More older people are becoming homeless or having to live in temporary accommodation, and are “suffering in ways never seen before”, according to a specialist.

Jacky Bourke-White, CEO of Age UK Lewisham and Southwark, told Southwark Council’s health and wellbeing board that while the area was getting richer, older generations were often being left behind.

“We have the sixth most deprived older population in the country and that is often overlooked,” she said.

“As the borough is getting richer we ignore the fact that our older population is being left behind. They are suffering from that in ways that we have never seen before, so we see more and more homeless people and more people in temporary accommodation.”

She said many older people who were struggling are isolated as their families could not afford to live in the borough.

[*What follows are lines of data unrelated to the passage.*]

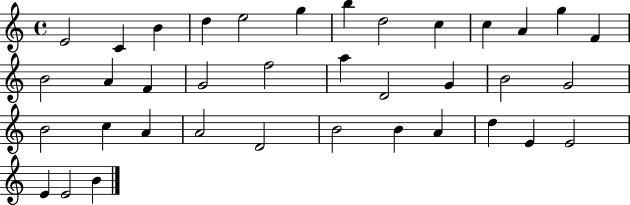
X:1
T:Untitled
M:4/4
L:1/4
K:C
E2 C B d e2 g b d2 c c A g F B2 A F G2 f2 a D2 G B2 G2 B2 c A A2 D2 B2 B A d E E2 E E2 B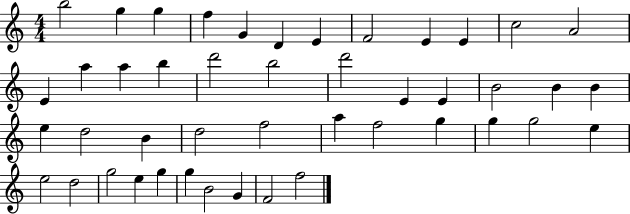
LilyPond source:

{
  \clef treble
  \numericTimeSignature
  \time 4/4
  \key c \major
  b''2 g''4 g''4 | f''4 g'4 d'4 e'4 | f'2 e'4 e'4 | c''2 a'2 | \break e'4 a''4 a''4 b''4 | d'''2 b''2 | d'''2 e'4 e'4 | b'2 b'4 b'4 | \break e''4 d''2 b'4 | d''2 f''2 | a''4 f''2 g''4 | g''4 g''2 e''4 | \break e''2 d''2 | g''2 e''4 g''4 | g''4 b'2 g'4 | f'2 f''2 | \break \bar "|."
}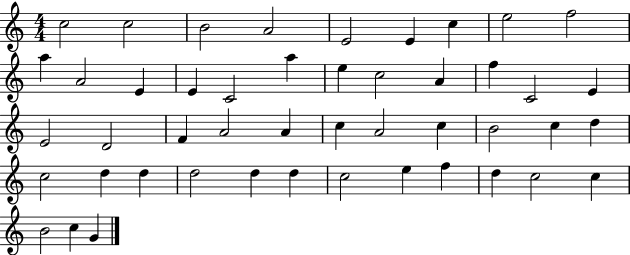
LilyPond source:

{
  \clef treble
  \numericTimeSignature
  \time 4/4
  \key c \major
  c''2 c''2 | b'2 a'2 | e'2 e'4 c''4 | e''2 f''2 | \break a''4 a'2 e'4 | e'4 c'2 a''4 | e''4 c''2 a'4 | f''4 c'2 e'4 | \break e'2 d'2 | f'4 a'2 a'4 | c''4 a'2 c''4 | b'2 c''4 d''4 | \break c''2 d''4 d''4 | d''2 d''4 d''4 | c''2 e''4 f''4 | d''4 c''2 c''4 | \break b'2 c''4 g'4 | \bar "|."
}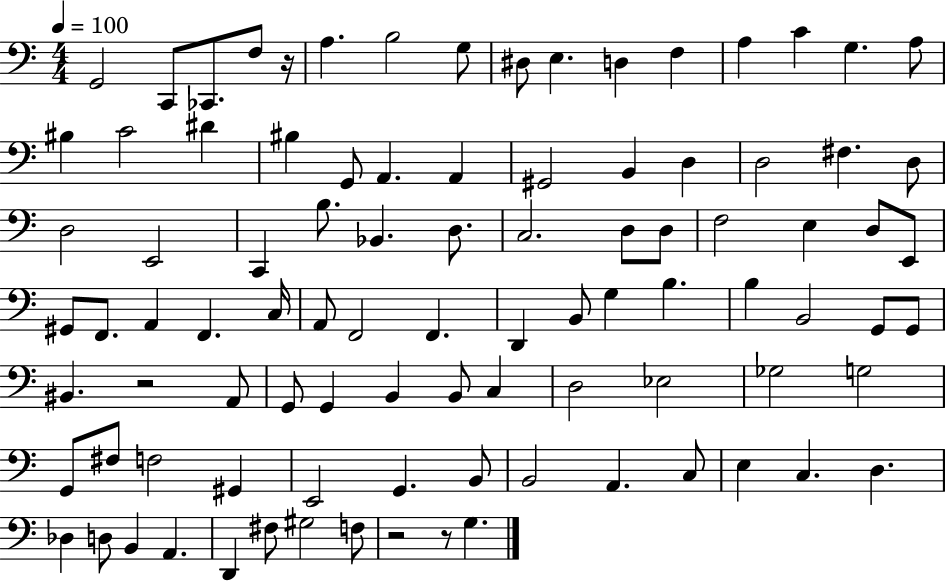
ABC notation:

X:1
T:Untitled
M:4/4
L:1/4
K:C
G,,2 C,,/2 _C,,/2 F,/2 z/4 A, B,2 G,/2 ^D,/2 E, D, F, A, C G, A,/2 ^B, C2 ^D ^B, G,,/2 A,, A,, ^G,,2 B,, D, D,2 ^F, D,/2 D,2 E,,2 C,, B,/2 _B,, D,/2 C,2 D,/2 D,/2 F,2 E, D,/2 E,,/2 ^G,,/2 F,,/2 A,, F,, C,/4 A,,/2 F,,2 F,, D,, B,,/2 G, B, B, B,,2 G,,/2 G,,/2 ^B,, z2 A,,/2 G,,/2 G,, B,, B,,/2 C, D,2 _E,2 _G,2 G,2 G,,/2 ^F,/2 F,2 ^G,, E,,2 G,, B,,/2 B,,2 A,, C,/2 E, C, D, _D, D,/2 B,, A,, D,, ^F,/2 ^G,2 F,/2 z2 z/2 G,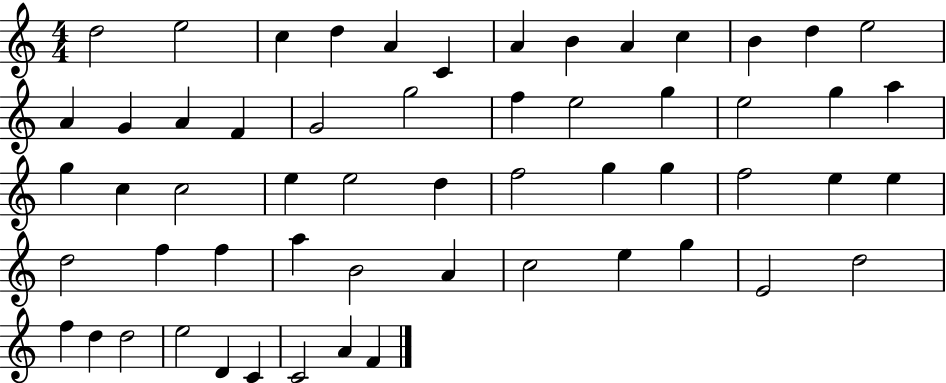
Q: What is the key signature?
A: C major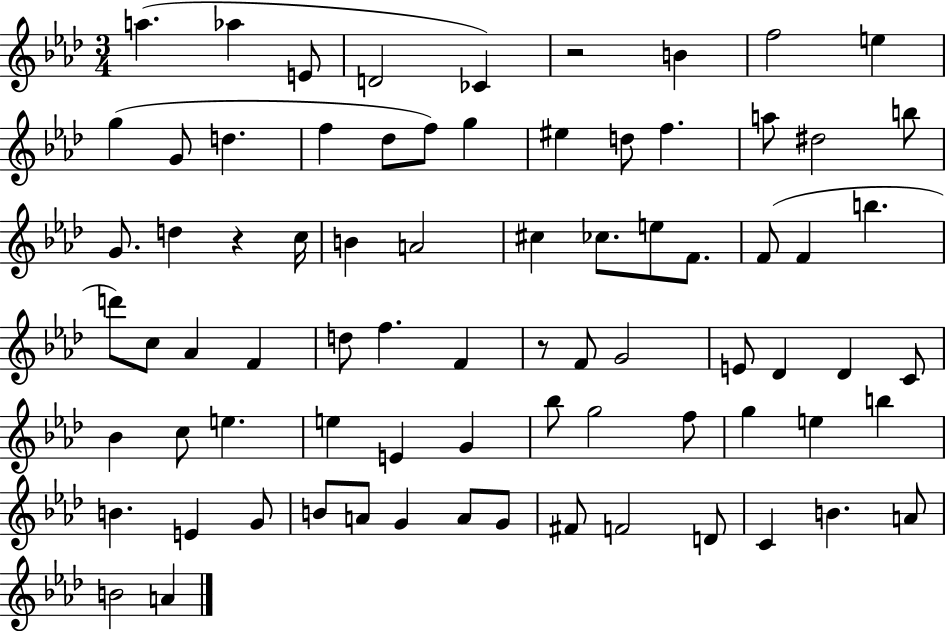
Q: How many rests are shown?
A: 3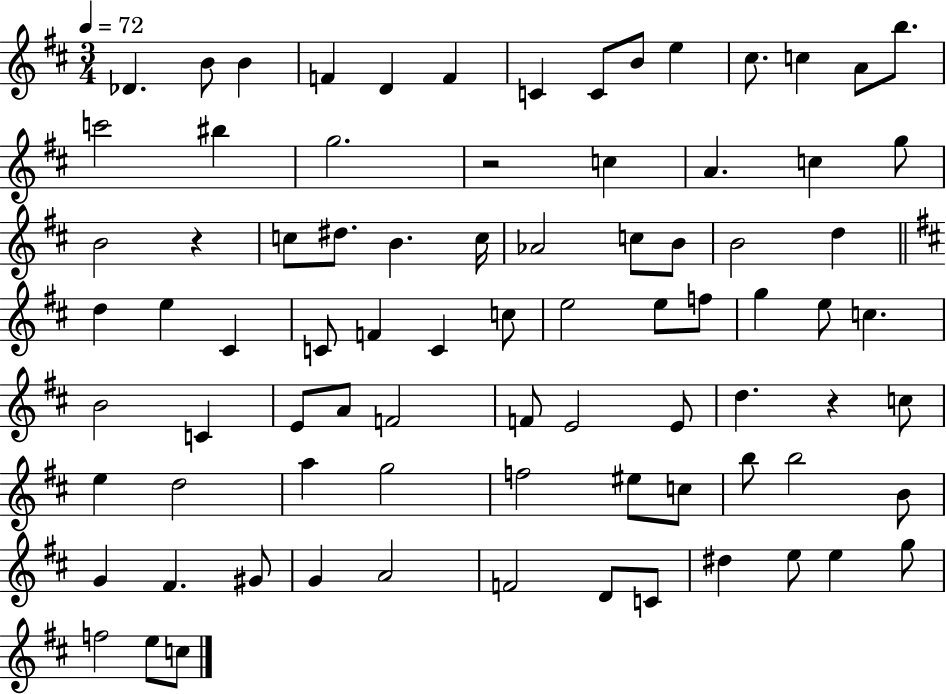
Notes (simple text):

Db4/q. B4/e B4/q F4/q D4/q F4/q C4/q C4/e B4/e E5/q C#5/e. C5/q A4/e B5/e. C6/h BIS5/q G5/h. R/h C5/q A4/q. C5/q G5/e B4/h R/q C5/e D#5/e. B4/q. C5/s Ab4/h C5/e B4/e B4/h D5/q D5/q E5/q C#4/q C4/e F4/q C4/q C5/e E5/h E5/e F5/e G5/q E5/e C5/q. B4/h C4/q E4/e A4/e F4/h F4/e E4/h E4/e D5/q. R/q C5/e E5/q D5/h A5/q G5/h F5/h EIS5/e C5/e B5/e B5/h B4/e G4/q F#4/q. G#4/e G4/q A4/h F4/h D4/e C4/e D#5/q E5/e E5/q G5/e F5/h E5/e C5/e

“Sons and daughters have been unable to buy homes in the borough, to stay in the borough, [and] they tend to live two or three hours outside of the borough.

“And that creates its own problems for older people. We have this incredibly vulnerable older population left behind by the pace of change in the borough.”

She said it was “horrifying” the borough could not afford to extend in-home care visits to one hour, or enable older people to leave their houses.

“It would be really good if of those older people getting three visits a day, which means, they have quite a high level of need, there is not a lot they can do for themselves – at the point that you are getting three visits a day you cannot get yourself out of bed, you cannot wash yourself, you cannot dress yourself, you cannot feed yourself – I am saying wouldn’t it be good if one of those visits was for an hour? If one of those visits was unhurried?” she explained.

“Every older person should be able to go out a minimum of once a week. They should be supported to get out of the house and do something.

“It’s terrible these days we live in a society that older people, once you are that frail, your life is so circumscribed and that we as a society cant afford this as a bare minimum,” she said.